Selective mesenteric angiography has been used in the investigation of gastrointestinal bleeding since the 1960s. It is now indicated in cases where endoscopic control of bleeding is unsuccessful or if endoscopy is unable to localize the site of bleeding . Moore et al  determined that the diagnostic accuracy of angiography rises from 50-75% to almost 90% if the patient is actively bleeding. Building on the angiographic criteria for diagnosis outlined by Boley et al in 1977 , Charbonnet and colleagues  have more recently defined direct (contrast extravasation) and indirect signs (vascular tuft, arteriovenous fistula, an early filling vein or a hypervascular mass) to diagnose active bleeding or to define the site of bleeding.

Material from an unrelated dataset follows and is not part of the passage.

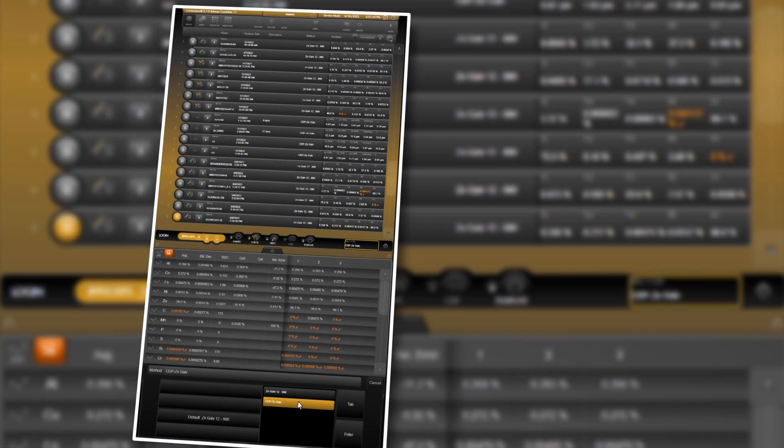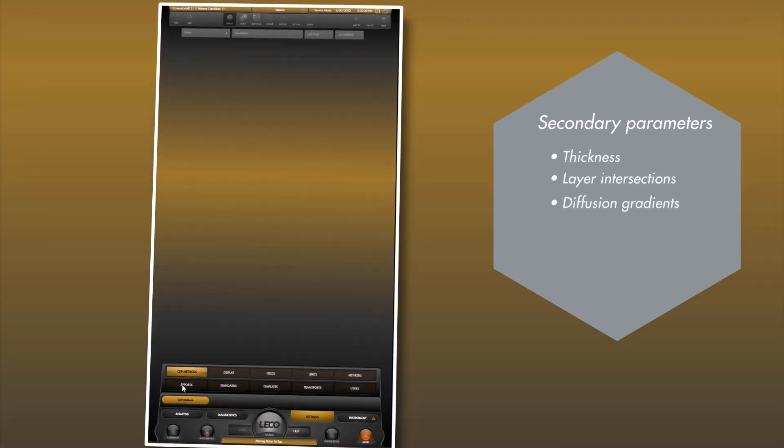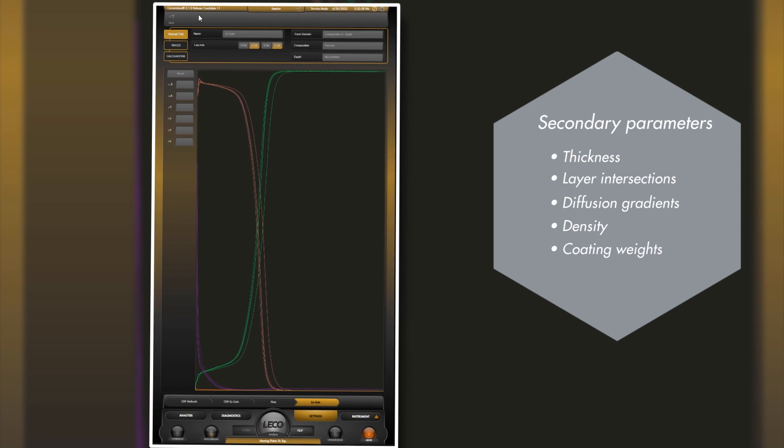Calculations can be created to determine secondary parameters like thickness, layer intersections, diffusion gradients, density, and coating weights.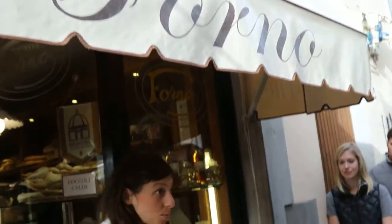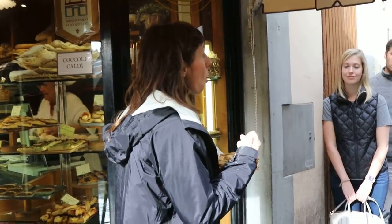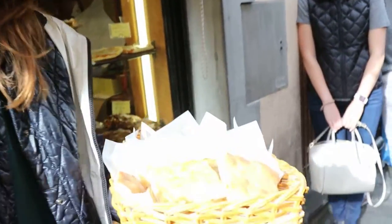Schiacciata refers to a flat bread. You might know it as focaccia. We say schiacciata, and in Rome they call it pizza bianca. So in general they call it focaccia, Rome pizza bianca, Florence schiacciata.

Management of a bleeding gastric AVM may be endoscopic, angiographic, operative or a combination of these. While endoscopic coagulation or angiography and embolization may be successful in treating smaller gastric AVMs, complete resection is recommended for larger lesions or those that continue to bleed , and is the most common method employed. Post-operative bleeding due to incomplete initial removal of the lesion or the presence or development of another AVM in the gastrointestinal tract, has also been described  [7, 32]. Therefore these patients require careful monitoring in the acute post-operative phase, as well as regular follow up studies.
Although endoscopic and endovascular approaches are utilised more and more in the management of these lesions, our case highlights the important of surgery as a definitive procedure in emergencies and a treatment option in elective cases.